Procalcitonin of little value in bacterial pneumonia

25 May 2016

Elevated procalcitonin levels in response to bacterial infection might help ‘lazy doctors’ when deciding on antibiotic treatment in patients hospitalised with community-acquired pneumonia but the test is no substitute for a competent clinical assessment, according to Professor Grant Waterer from Royal Perth Hospital.

“In fact, the test might be harmful if therapy is inappropriately withheld,” he said.

Speaking in a debate on the role of the procalcitonin, he said clinicians are still forced to rely on empirical treatment early in the course of severe pneumonia at a stage in the disease when conventional microbiology had little to offer.

“We know that, if the infection is bacterial, timely administration of appropriate antibiotics is critical,” he said. “Treatment within three hours of presentation predicts better survival, and the risk-benefit balance strongly favours empiric therapy.”

Procalcitonin – the natural precursor to calcitonin – is generally elevated by bacterial infection but unaffected, or even suppressed, by viral infection, and has been proposed as a tool to detect sepsis and guide treatment.

“In bacteraemia it is elevated more by gram-negative rather than gram-positive organisms, and there is wide inter-patient variability in the response,” Professor Waterer said.

“Within populations the average level does increase with bacterial infection, but we treat individuals, not populations, so there is the risk of false negative results.

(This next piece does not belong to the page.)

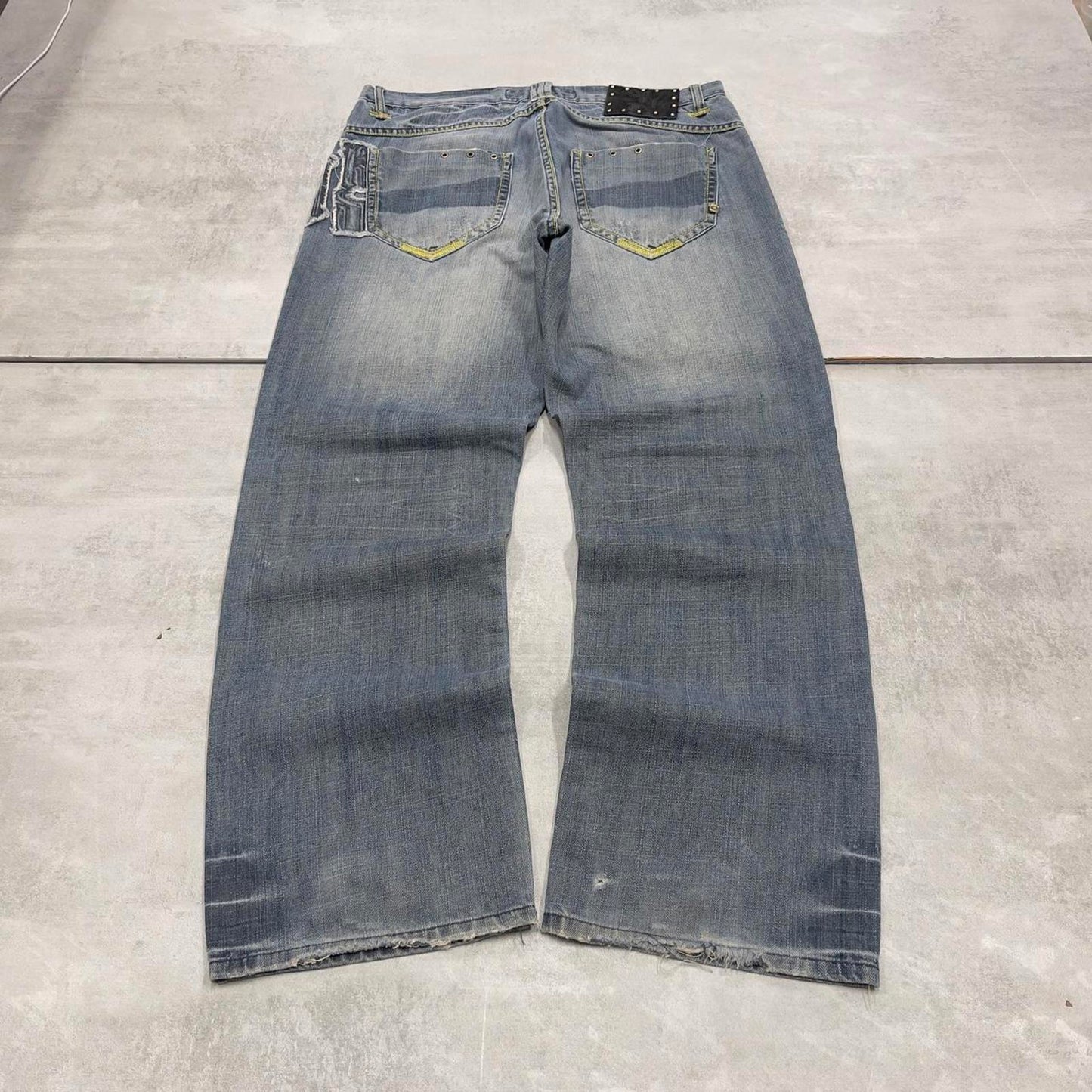 Baggy Akademiks jeans W36L33 blue wide leg denim 90s y2k style embroidered skater jeans loose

Some retrospective studies have identified cases of Legionella infection, for example, that would not have been treated if the results had been followed.”

In addition, bacterial and viral co-infection in pneumonia is common, complicating interpretation of a procalcitonin response.

Professor Waterer also questioned the rationale for attempting to restrict antibiotic therapy in severe pneumonia, noting that mortality and readmission are not the only outcomes that matter.

“Pneumonia is also associated with increased long-term mortality as well as an increase in ischaemic heart disease and stroke, which are predicted by persistent inflammation,” he said.

“Because of costs like these, we need to be very cautious in withholding antibiotics on the basis of a single test.

“My view is that procalcitonin adds little to competent clinical care.”

Dr Thomas File from Akron, Ohio, argued that procalcitonin can assist in reducing the over-use use of antibiotics in treating community-acquired pneumonia, but it would always be an ancillary role in the total package of care.